Se era difficile immaginare un’Inter senza Moratti, era del tutto impossibile, una volta arrivato il nuovo proprietario dall’Indonesia, immaginarlo a lungo nel ruolo di presidente onorario, lui il patron del triplete, primo tifoso nerazzurro, ridotto a ricoprire una carica non operativa, un po’ da Rotary e tanto da pensionato. L’altro giorno all’assemblea di bilancio che ratificava ancora un buco di esercizio di 103 milioni era confuso tra i soci in platea, come fosse un qualsiasi piccolo azionista.
Non ha fatto alcun intervento, in silenzio ha ascoltato le parole di Mikael Bolingbroke, il nuovo amministratore delegato dell’era Thohir, che erano un atto di accusa nemmeno troppo velato alla precedente gestione. Moratti, del resto, non poteva più fare all’Inter quello che Enrico Cuccia fece in Mediobanca o Gianni Agnelli in Fiat, presidenti onorari per ragioni anagrafiche e obblighi statutari, comunque sempre indiscussi numeri uno della filiera del comando.
Da quasi un anno all’Inter tutto è cambiato, tranne gli scadenti risultati sul campo: c’è un nuovo azionista di maggioranza che sta di mese in mese rivedendo molte scelte dell’era morattiana, scelte fatte all’insegna del cuore prima che dei conti e del fair play finanziario, spesso paternalistiche e da tifoso più che imprenditoriali.
Fino all’irripetibile 2010 è stato così in casa Inter. Poi qualcosa si è cominciato a incrinare.

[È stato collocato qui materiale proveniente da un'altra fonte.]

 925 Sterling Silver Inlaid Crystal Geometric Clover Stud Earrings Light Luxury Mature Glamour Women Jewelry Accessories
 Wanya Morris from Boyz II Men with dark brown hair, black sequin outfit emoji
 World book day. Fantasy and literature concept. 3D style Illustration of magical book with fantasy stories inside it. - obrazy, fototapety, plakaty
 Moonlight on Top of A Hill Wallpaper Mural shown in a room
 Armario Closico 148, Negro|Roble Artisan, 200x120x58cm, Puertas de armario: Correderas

Un po’ per le delusioni sportive dopo anni di grandi fasti, molto per i debiti e le perdite che stavano crescendo a dismisura, Moratti, anche pressato da una parte della famiglia rappresentata dal fratello Gianmarco, sempre più preoccupata per il calo dei profitti petroliferi della Saras e perciò meno disposta ai continui sperperi del pallone, aveva deciso – anche se a malincuore – di vendere la sua Inter a Eric Thohir. Si era nel novembre dell’anno scorso.

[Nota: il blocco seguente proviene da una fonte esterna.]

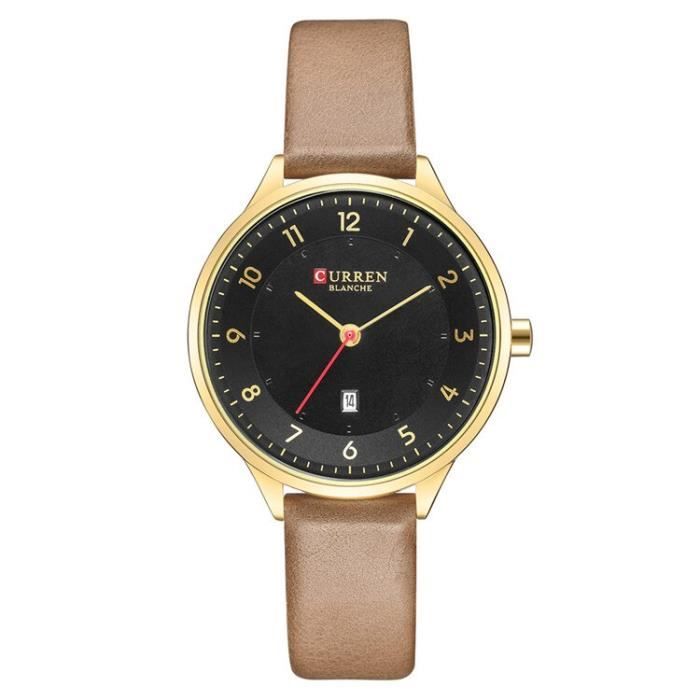 Montre Unisexe Analogique à Quartz - Bracelet Cuir Beige - Chiffres Romains - Neuve Sans Boîte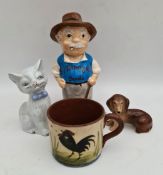 Vintage Parcel of Animal Figure & Torquay Ware Cup Vintage Parcel of Animal Figure & Torquay Ware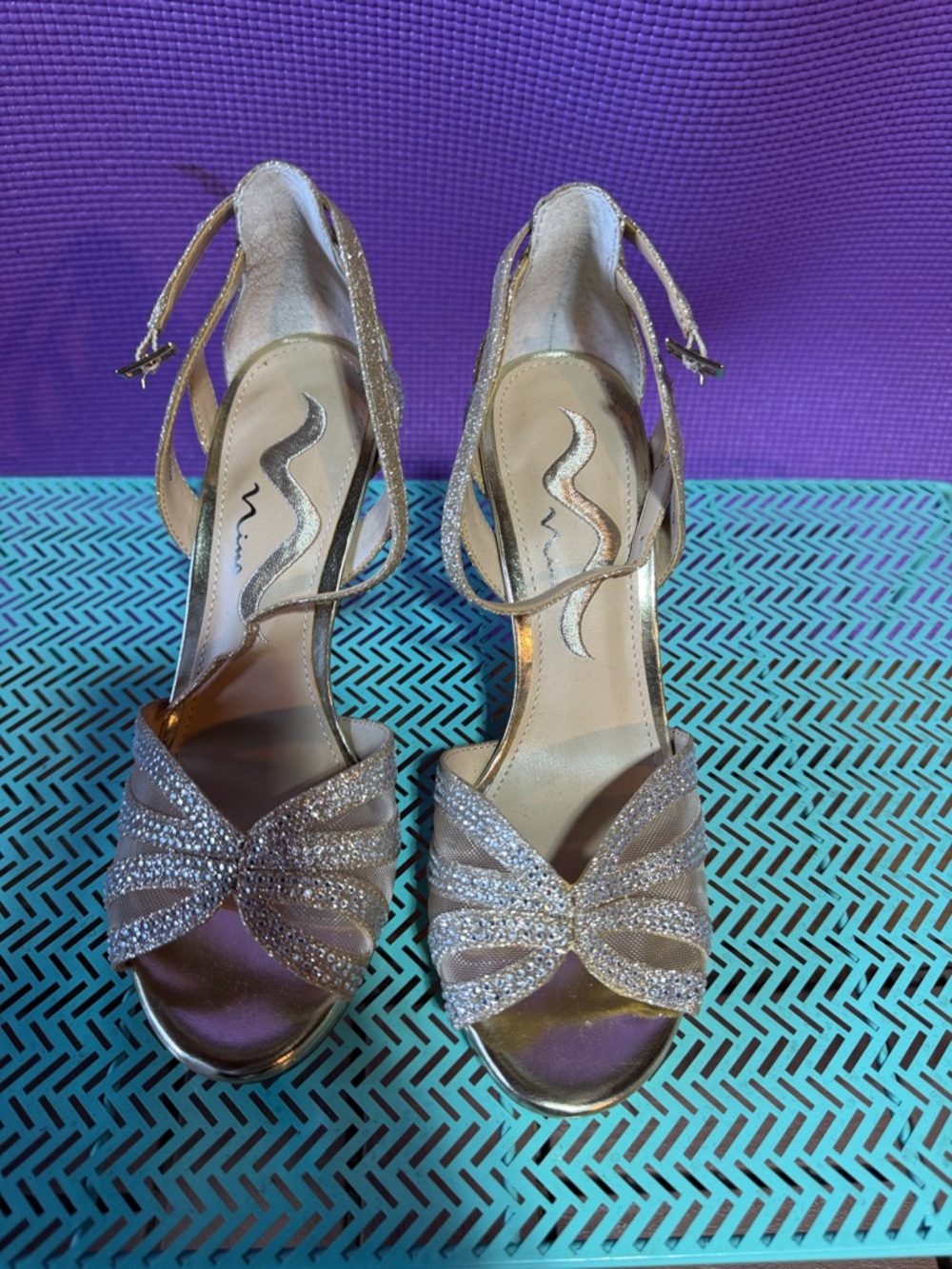 Nina Gold Glitter Open-Toe Heels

Thohir gli aveva offerto la presidenza onoraria ma ci è voluto davvero poco perché Moratti capisse di essere diventato nel mondo Inter una sorta di papa Ratzinger in Vaticano dopo l’avvento di Papa Bergoglio. Il padrone era ormai Thohir, che nel frattempo stava intensificando i suoi raid milanesi, spesso conditi da mortificanti esibizioni della squadra. Moratti ogni tanto si faceva vedere allo stadio ma da tempo aveva cessato di parlare con i media. Dopo mesi di silenzio gli è venuta voglia di dire la sua dopo Inter-Napoli di domenica scorsa, una partita riacciuffata in extremis dai nerazzurri che hanno evitato la terza sconfitta consecutiva.

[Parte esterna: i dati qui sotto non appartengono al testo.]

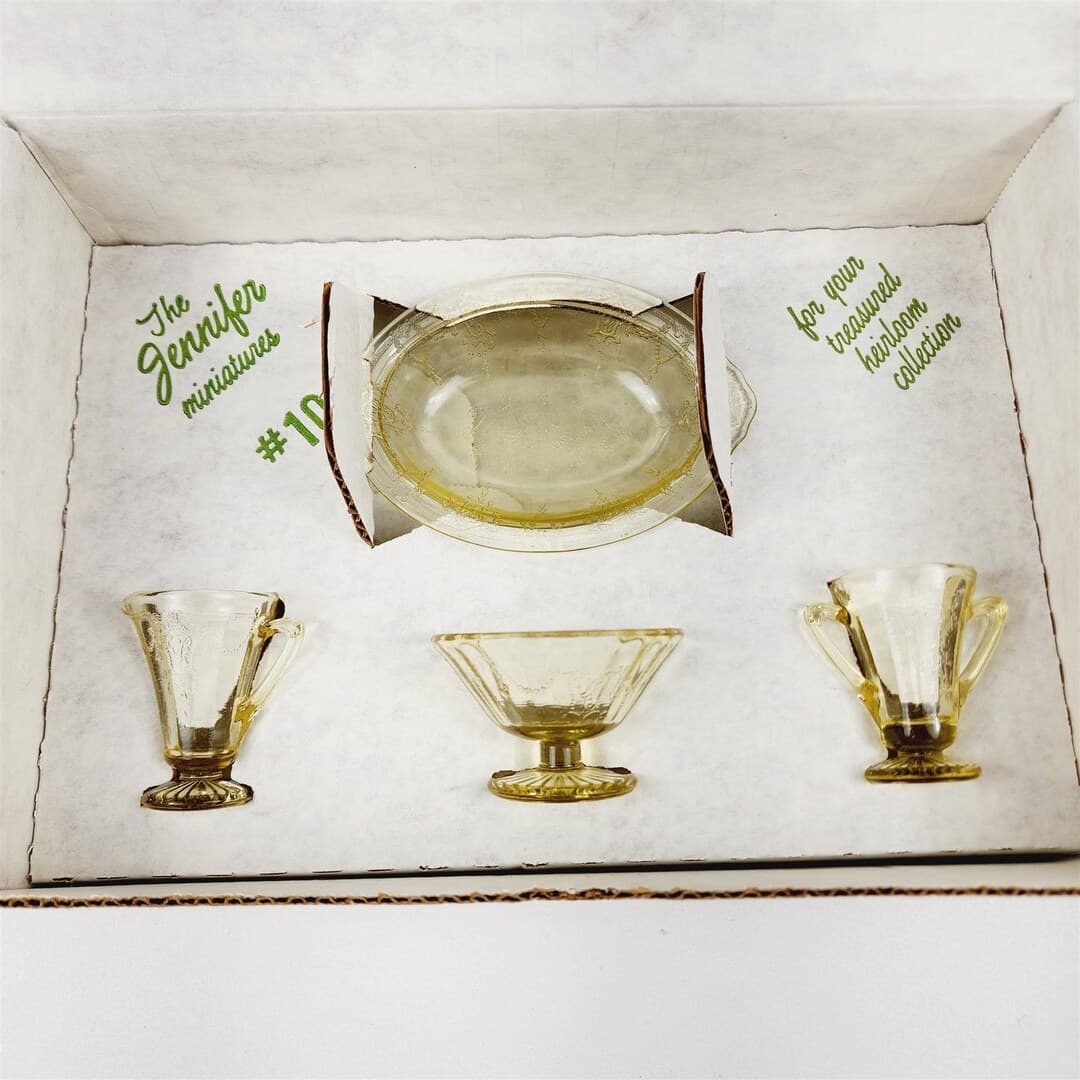 Vintage Mosser Glass Jennifer Set Miniature Gold 10 Creamer Sugar ...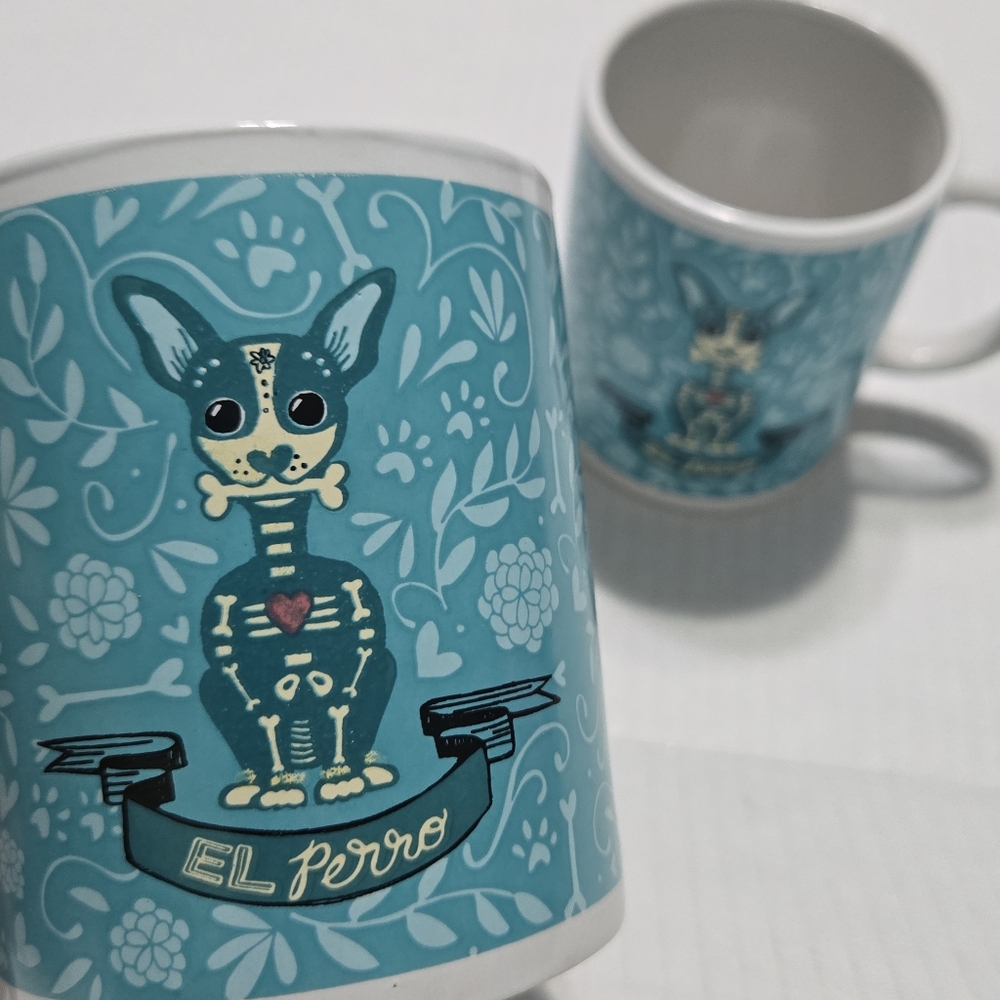 Set of 2 Dia De Los Muertos Perro Coffee Mug  El Perro Dog day of the dead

A una domanda su Mazzarri, l’allenatore da lui voluto l’anno scorso prima di avviare le trattative con Thohir, Moratti si è lasciato andare a una risposta che aveva tutta l’aria di condanna: “E’ un uomo capace ma nel calcio contano i risultati!” E di risultati Mazzarri, sempre più indigesto agli occhi del popolo nerazzurro, finora ne ha ottenuti davvero pochi.
Ma Thohir, tycoon dal braccino un po’ corto, anche per non pagare un secondo allenatore, gli ha finora confermato la fiducia. Più che sufficiente al mister di San Vincenzo per rimandare al mittente le poco velate critiche dell’ex patron nerazzurro con un “non perdo tempo a rispondere…”. Un gesto di baldanza che dà l’esatta dimensione di cosa ormai contasse Moratti nell’Inter di Thohir. E il presidente del triplete e dei cinque scudetti consecutivi ne ha preso atto affidando a un comunicato formale l’addio definitivo alla sua squadra. “Nei prossimi giorni capirete il perché..”, è stata l’unica frase sibillina uscita dalla bocca dell’ex presidente.
Una frase che maschera l’amarezza del gesto ma anche fa intravedere divergenze di fondo ormai insanabili nella gestione della società di cui Moratti detiene ancora un 30%.
Una storia d’amore durata un ventennio che si interrompe, un distacco epocale dalla “beneamata” e definitivo dalla gestione Thohir sottolineato anche dalle dimissioni di tutti i morattiani rimasti nel consiglio, a partire dal figlio di Massimo, Angelomario fino a Rinaldo Ghelfi e Alberto Manzonetto.